I did OK, but clearly my manual camera skills need some work. I think this phone will really help me work on them.
Realistically, I will likely use the G4 camera instead of my DSLR in situations when carrying a big camera is inconvenient, because the quality of the photos is impressive. For me, that’s saying a lot.
I have only two complaints about the G4. It has a tendency to get hot sometimes. Like, really hot, so that it’s uncomfortable to hold. It doesn’t happen often, and I’m not sure if the heat is a product of battery-intensive apps or the temperature of the room I’m in. Still, when it happens, I have to put the phone down. If I’m in the middle of gaming (which I admit I do quite a bit), it can be a pain.
My other qualm is the incessant pop-up ads on the phone. Again, I’m not sure if these are a product of some app I downloaded, or if the capability came built into the phone, but I’ve noticed the popups since the day I started using the G4. They show up no matter what I’m doing on the phone or what app I’m using, and they are seriously annoying. They really change the experience of using the phone because they often pop up at inconvenient times, like when I’m starting a video or trying to play a game. This could honestly be a deal-breaker for some people, and it might be for me if I didn’t like the camera so much.
Realistically, the phone is awesome. So awesome that it’s easy to be tempted to use it all the time. Even in situations where it isn’t safe to do so. And because Sprint understands that temptation, they’ve created Sprint Drive First, a free app for phones like the LG G4 with an awesome functionality: It sends all calls to voicemail and silences email and text alerts when a vehicle reaches 10mph. So if your teen is getting behind the wheel, the app will help keep them focused on the road. There are also new features like personal feedback and parenting mode that track miles driven and allow certain apps to be enabled or locked altogether.
Also in the interest of driving safety, Sprint has started the Thumb Wars Campaign to discourage all drivers, but particularly teens, to quit texting and driving. This can literally be a matter of life and death. As scary as this sounds, while texting, a driver spends about 10% of their driving time outside of their lane. So it makes sense that texting drivers are 23 times more likely to get involved in a crash. 23 times. Think about that for a second. But apparently, statistics alone aren’t enough to make American teens stop texting and driving, since 40% of them still report doing it. So Sprint has partnered with DoSomething.org for the Thumb Wars campaign.

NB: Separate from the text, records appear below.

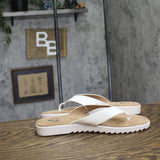 Aerosoles Jordyn Cushioned Flip Flop Thong Sandals White Faux Leather 9.5M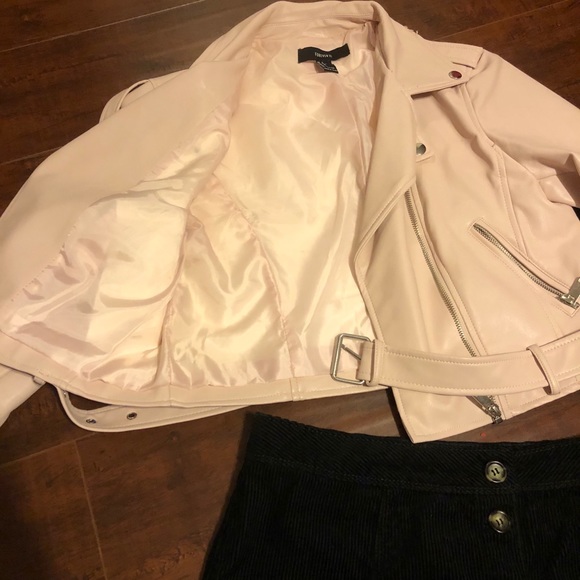 Blush Pink Faux Leather Jacket - Picture 3 of 8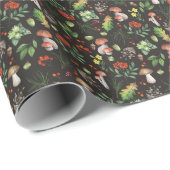 Forest Bounty: Aquarellfarben-Pilzmuster Geschenkpapier (Rolleneckpunkt)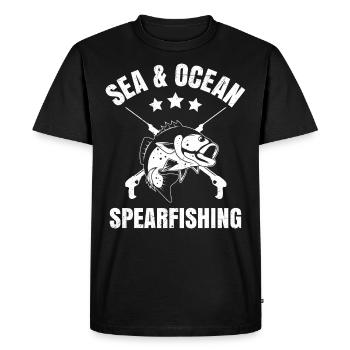 Chasse sous-marine Plongées sous-marine en mer et en mer - T-shirt Premium bio Homme - noir - Devant - Nico (187cm)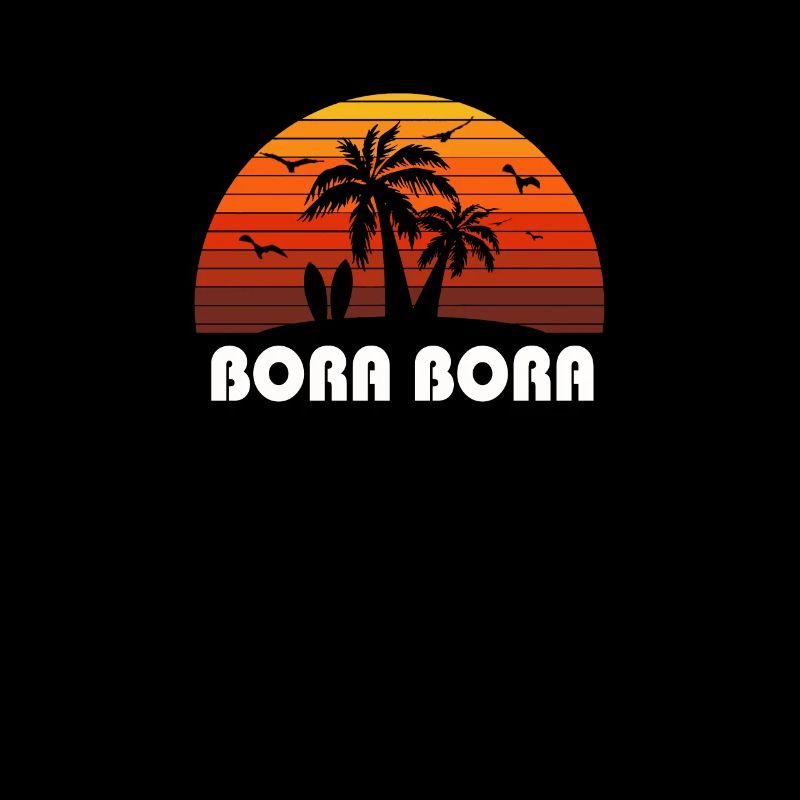 Retro Bora Bora Sunset Cool Vintage Vacation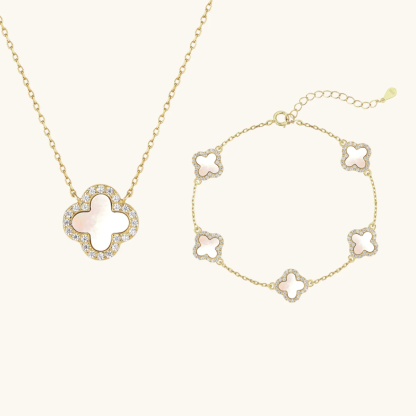 Armband und Halskette Klee Set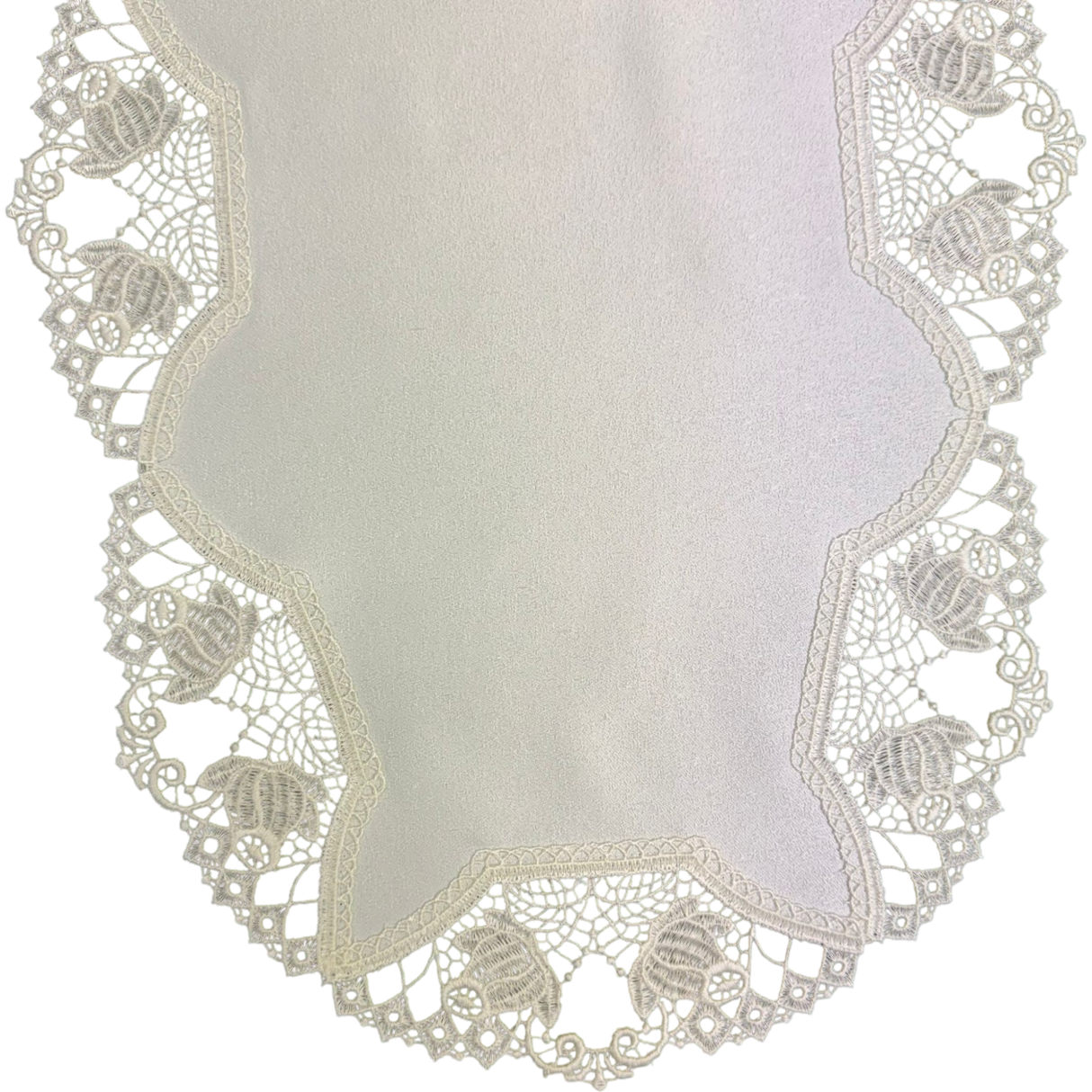 Tischläufer Plauener Spitze Wollweiß mit Applikationen – Plauener Spitze von Wimpelberg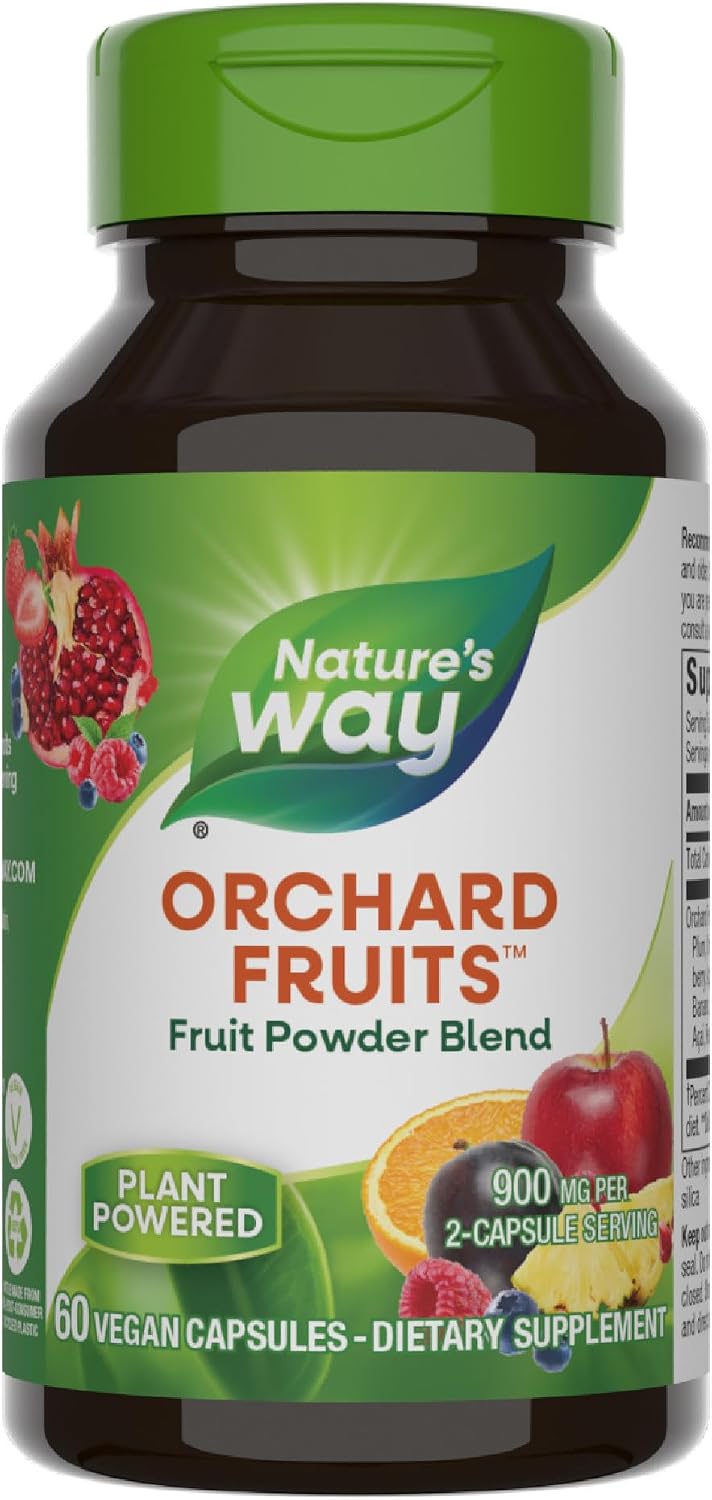 Nature's Way Orchard Fruits, Mezcla de Frutas en Polvo, 900 mg, 60 Cápsulas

So how does it work? Well, young people who sign up at ThumbWars.org receive two pairs of yellow anti-texting thumb socks. The second set is meant to be shared with a friend or loved one they know who texts and drives. They can then take a photo of themselves and their friend wearing the thumb socks and send it back to DoSomething.org . Simple concept, but hopefully engaging enough to work.
So what about you? What do you think of the LG G4, and what do you to stay safe while driving with the temptation of your smartphone nearby?